Mme Évelyne Perrot, rapporteure. - L'amendement n° 2 poursuit l'objectif louable d'assurer la proportionnalité et la constitutionnalité du dispositif en l'alignant sur d'autres dispositions existantes, notamment pour le personnel du secteur aérien soumis à la loi Diard. Cependant, il pose une difficulté opérationnelle : le nouveau délai permettrait au personnel gréviste de renoncer à la grève non pas 24 heures avant chaque journée de grève, comme le prévoit la loi Diard, mais la veille de la journée de grève à 18 heures. Cette solution laisserait trop peu de temps à l'autorité administrative pour réaliser des réductions de vols et, le cas échéant, organiser le service minimum, ce qui irait à rebours des objectifs de la proposition de loi.
Les contrôleurs aériens ne bénéficieraient pas non plus de l'organisation mieux anticipée du service minimum que recherche le texte. De surcroît, l'amendement ne prévoit pas de mesure de coordination entre ce nouveau délai et celui laissé à l'administration pour déclencher le service minimum, qui resterait fixé l'avant-veille à 18 heures. Le délai retenu dans le texte est bien proportionné au but recherché. Retrait, ou à défaut avis défavorable.
La commission demande le retrait de l'amendement n° 2 et, à défaut, y sera défavorable.
Mission d'information relative aux zones à faibles émissions mobilités (ZFE-m) - Examen du rapport d'information
M. Jean-François Longeot, président. - Nous en venons à présent à notre second point de l'ordre du jour, à savoir l'examen du rapport de la mission d'information « flash » sur les zones à faibles émissions mobilité (ZFE-m). Avant toute chose, je tiens à remercier le rapporteur, Philippe Tabarot, d'avoir conduit ce travail sur un sujet particulièrement épineux dans des délais très brefs.
Pour rappel, les ZFE-m ont été créées par la loi d'orientation des mobilités (LOM), texte que notre commission avait examiné début 2019, en réponse aux problématiques de dépassements récurrents des normes de qualité de l'air dans certaines agglomérations. Leur régime s'est vu considérablement renforcé par la loi « Climat et résilience », texte que nous avons examiné à l'été 2021 et dont Philippe Tabarot était rapporteur sur le volet « Se déplacer ».
Ce rapport de la mission « flash » ZFE-m dont Philippe Tabarot va dans quelques instants nous présenter les grands axes constitue en cela un rapport d'application de la loi « Climat et résilience ». Il s'agit d'un jalon précieux qui, près de deux ans après l'adoption de la loi, nous permet de faire un point d'étape sur l'application de la loi et sur les éventuelles évolutions à envisager.
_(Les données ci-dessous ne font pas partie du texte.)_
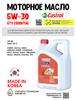 Масло моторное Castrol GTX Essential 5W30 SN, 4 л 1000-1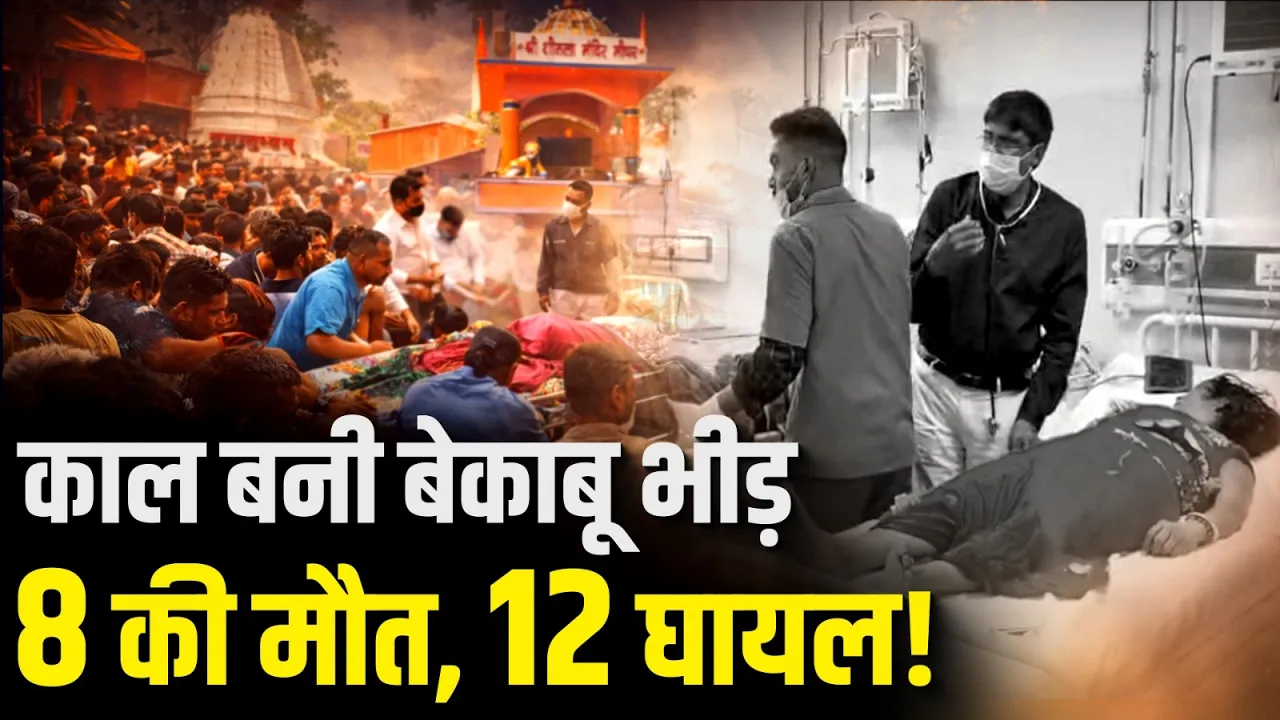 Nalanda में क्यों मची भगदड़? Mandir में ऐसे गई 8 लोगों की जान!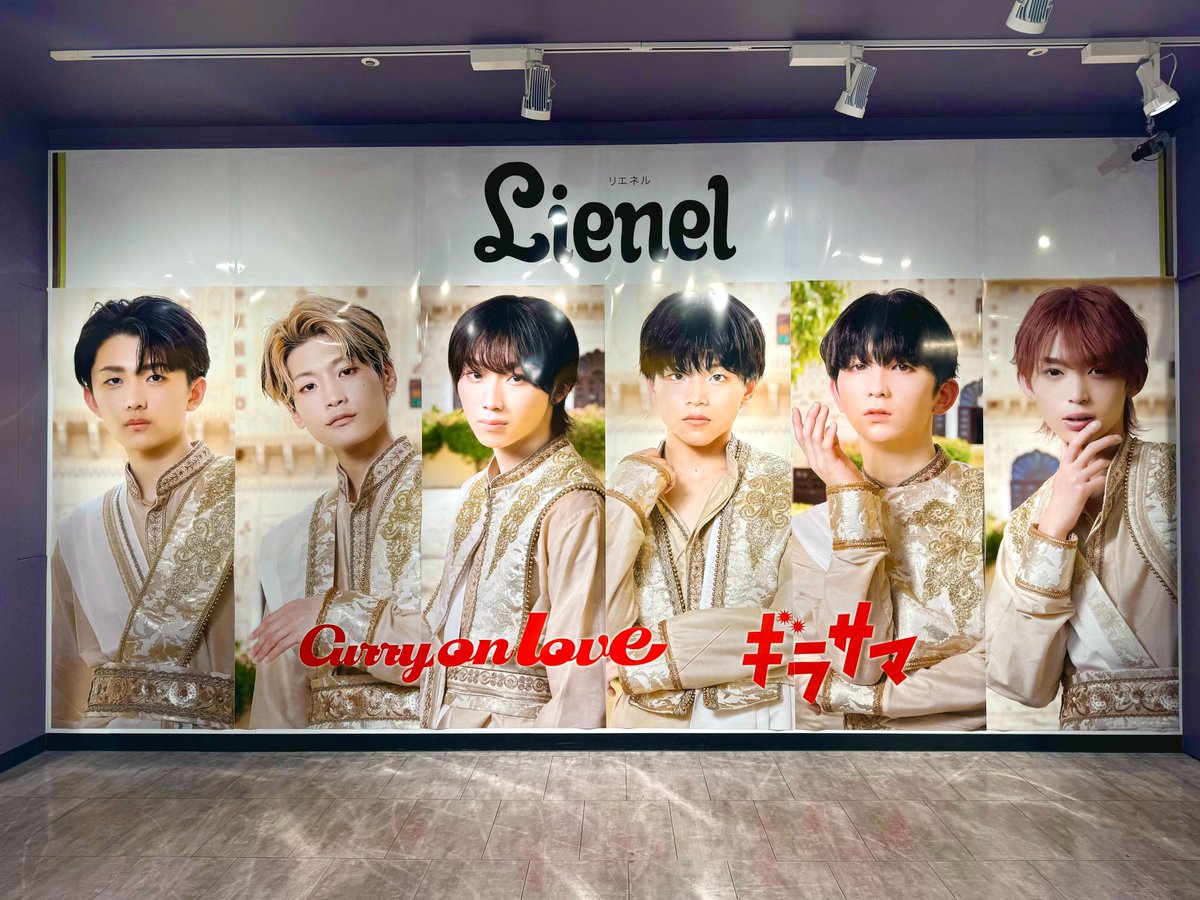 Lienel タワーレコード サイン入りパネル 集合 Lienel】5thシングル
M. Philippe Tabarot, rapporteur. - Je suis heureux de vous présenter les principales conclusions et recommandations du travail que j'ai eu l'honneur de conduire en tant que rapporteur de la mission d'information « flash » relative aux zones à faibles émissions mobilité (ZFE-m). Je vous remercie de la confiance que vous m'avez accordée pour mener cette mission.
Comme vous le savez, cette mission a été créée en mars dernier, en réponse à un constat partagé : partout où elles sont mises en oeuvre, les ZFE-m font l'objet de vives inquiétudes et cristallisent un certain nombre de tensions. Afin de faire le point sur la situation et surtout de proposer des pistes pour améliorer l'acceptabilité du dispositif, j'ai souhaité, ces trois derniers mois, rencontrer les principaux acteurs des ZFE-m : collectivités territoriales, usagers - aussi bien particuliers que professionnels - ONG, acteurs économiques, administrations publiques, etc.
J'ai entendu 45 organisations et réalisé deux déplacements - le premier à Strasbourg, en présence de notre collègue Jacques Fernique et le second à Marseille - qui m'ont permis, au total, d'échanger avec 120 personnes concernées par cette question. J'ai également mis un point d'honneur à entendre les présidents ou vice-présidents des 11 agglomérations ayant mis en place une ZFE-m en application de la LOM, afin de recueillir leur retour d'expérience.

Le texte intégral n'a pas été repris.